Stored data:
-------------------------

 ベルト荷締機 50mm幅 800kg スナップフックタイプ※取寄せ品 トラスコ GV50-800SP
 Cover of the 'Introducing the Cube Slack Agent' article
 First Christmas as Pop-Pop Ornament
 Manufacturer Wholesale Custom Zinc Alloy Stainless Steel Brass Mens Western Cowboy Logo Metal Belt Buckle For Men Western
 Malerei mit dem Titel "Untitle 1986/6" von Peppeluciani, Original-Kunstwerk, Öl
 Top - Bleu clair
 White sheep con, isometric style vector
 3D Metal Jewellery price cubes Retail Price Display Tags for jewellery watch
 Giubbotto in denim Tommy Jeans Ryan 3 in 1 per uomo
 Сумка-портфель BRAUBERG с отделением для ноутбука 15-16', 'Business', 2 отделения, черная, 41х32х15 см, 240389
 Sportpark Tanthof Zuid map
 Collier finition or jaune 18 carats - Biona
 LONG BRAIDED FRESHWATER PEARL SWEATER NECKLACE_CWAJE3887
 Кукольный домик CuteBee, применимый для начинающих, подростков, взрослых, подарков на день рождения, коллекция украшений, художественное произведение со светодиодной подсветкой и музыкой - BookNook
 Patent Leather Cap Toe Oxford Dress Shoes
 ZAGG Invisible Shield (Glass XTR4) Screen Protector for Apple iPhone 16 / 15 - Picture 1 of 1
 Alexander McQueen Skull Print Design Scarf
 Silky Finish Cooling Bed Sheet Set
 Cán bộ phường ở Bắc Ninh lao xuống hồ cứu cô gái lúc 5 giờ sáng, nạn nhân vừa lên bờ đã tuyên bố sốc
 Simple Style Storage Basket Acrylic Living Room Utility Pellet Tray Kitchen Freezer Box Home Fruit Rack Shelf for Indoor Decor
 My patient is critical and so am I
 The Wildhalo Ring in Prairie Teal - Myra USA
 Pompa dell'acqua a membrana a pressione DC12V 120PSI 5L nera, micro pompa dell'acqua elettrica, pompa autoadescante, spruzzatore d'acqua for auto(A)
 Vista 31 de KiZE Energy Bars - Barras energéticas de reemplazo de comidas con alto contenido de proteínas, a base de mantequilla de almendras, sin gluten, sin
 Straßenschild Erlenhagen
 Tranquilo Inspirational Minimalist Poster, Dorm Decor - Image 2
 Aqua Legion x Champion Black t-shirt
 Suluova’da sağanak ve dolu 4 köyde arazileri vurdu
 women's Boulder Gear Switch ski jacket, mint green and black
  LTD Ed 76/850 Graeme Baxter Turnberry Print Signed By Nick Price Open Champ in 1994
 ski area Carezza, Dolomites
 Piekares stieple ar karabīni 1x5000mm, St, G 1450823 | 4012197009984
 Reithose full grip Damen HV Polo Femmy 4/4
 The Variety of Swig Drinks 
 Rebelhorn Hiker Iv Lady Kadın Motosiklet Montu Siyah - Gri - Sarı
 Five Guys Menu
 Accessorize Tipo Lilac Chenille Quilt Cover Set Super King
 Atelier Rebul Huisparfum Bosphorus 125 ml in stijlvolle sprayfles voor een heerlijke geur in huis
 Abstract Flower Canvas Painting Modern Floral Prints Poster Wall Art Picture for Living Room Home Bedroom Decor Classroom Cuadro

-------------------------

Required action >> Your answer should hold the line with "The Wildhalo Ring in Prairie Teal - Myra USA" and each line after it to the end of the data, retyped exactly. Include no other lines.

Response >>
 The Wildhalo Ring in Prairie Teal - Myra USA
 Pompa dell'acqua a membrana a pressione DC12V 120PSI 5L nera, micro pompa dell'acqua elettrica, pompa autoadescante, spruzzatore d'acqua for auto(A)
 Vista 31 de KiZE Energy Bars - Barras energéticas de reemplazo de comidas con alto contenido de proteínas, a base de mantequilla de almendras, sin gluten, sin
 Straßenschild Erlenhagen
 Tranquilo Inspirational Minimalist Poster, Dorm Decor - Image 2
 Aqua Legion x Champion Black t-shirt
 Suluova’da sağanak ve dolu 4 köyde arazileri vurdu
 women's Boulder Gear Switch ski jacket, mint green and black
  LTD Ed 76/850 Graeme Baxter Turnberry Print Signed By Nick Price Open Champ in 1994
 ski area Carezza, Dolomites
 Piekares stieple ar karabīni 1x5000mm, St, G 1450823 | 4012197009984
 Reithose full grip Damen HV Polo Femmy 4/4
 The Variety of Swig Drinks 
 Rebelhorn Hiker Iv Lady Kadın Motosiklet Montu Siyah - Gri - Sarı
 Five Guys Menu
 Accessorize Tipo Lilac Chenille Quilt Cover Set Super King
 Atelier Rebul Huisparfum Bosphorus 125 ml in stijlvolle sprayfles voor een heerlijke geur in huis
 Abstract Flower Canvas Painting Modern Floral Prints Poster Wall Art Picture for Living Room Home Bedroom Decor Classroom Cuadro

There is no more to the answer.